A vision for how interested workshop attendees and others may chose to collaborate into the future.
- Discuss perceived benefits of establishing a collaborative network. Also, identify perceived costs, drawbacks, and concerns.
- Start to answer key network purpose and development questions. How can a network assist with addressing items identified in Day 1 and Day 2? What would a useful network look like? How would information move through the network? What would the points of connection be (e.g. virtual site, meetings, social networking)? How can existing network initiatives be improved or expanded?
- Work to develop a statement or declaration of shared values, objectives, areas of interest, etc.
- These sessions will include significant periods of discussion as an entire group.
- Breakout groups may be established for short periods of time to address particular questions with the results of these discussions being fed back to the larger group.
- Sessions will be documented in real-time so that the group can review draft versions of lists and statements.
- A list of perceived benefits, costs, drawback and concerns in relation to establishing a collaborative network.
- A list of preliminary questions and (where possible) answers related to establishing some form of collaborative network.

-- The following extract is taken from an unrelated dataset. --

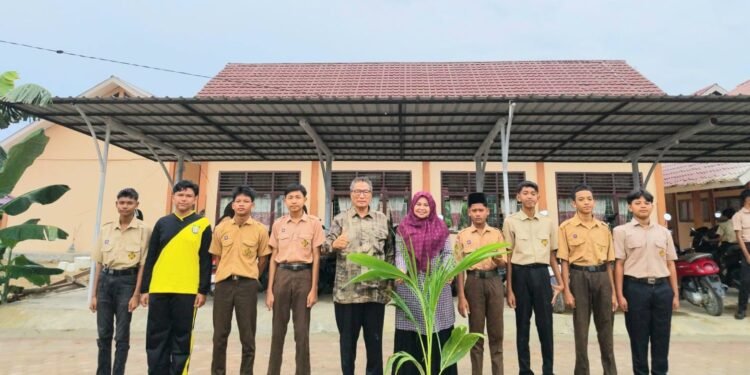 MPLS di SMKN 1 Simpang Ulim Lakukan Penanaman Pohon Produktif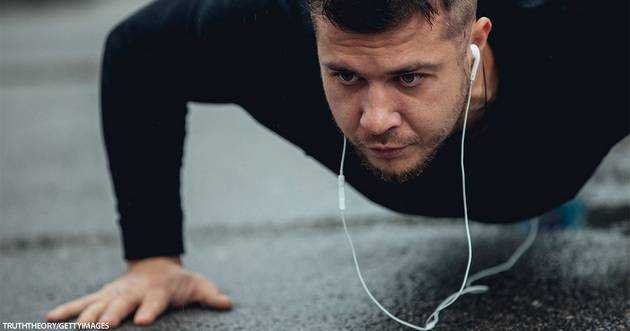 Плохие новости мужчин, которые не могут сделать 10 отжиманий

- A draft statement or declaration of shared values, objectives, areas of interest etc.
- A clear plan for moving forward on ideas developed.
Special Issue of Polar Geography
An important outcome of the workshop will be a special journal issue of Polar Geography on community-based research and data management. Selected abstracts for the workshop have been invited to develop full papers for the journal issue. Draft papers are due starting November 17th, 2011 and will be submitted to the guest editors at the end of 2011 with publication expected at the end of 2012. This collection of papers will provide detailed accounts of participants' projects and address issues surrounding data management for both Local and Traditional Knowledge (LTK) and information from community-based research and monitoring. Wherever possible, we will encourage authors to link their papers to the discussion and outcomes of the workshop. The guest editors (Peter Pulsifer, Henry Huntington, and Gretta Pecl) will be writing an introductory article for the special issue that will identify consistent themes, make connections between projects, and highlight the outcomes of the workshop.
Although the special issue will be an important workshop outcome, we recognize that the primary audience of the issue will be members of the academic community. The intention is to also share the results of the workshop beyond academia. To this end, the aforementioned post-workshop publication will complement the special issue. During the workshop the format and methods for distributing this publication will be discussed.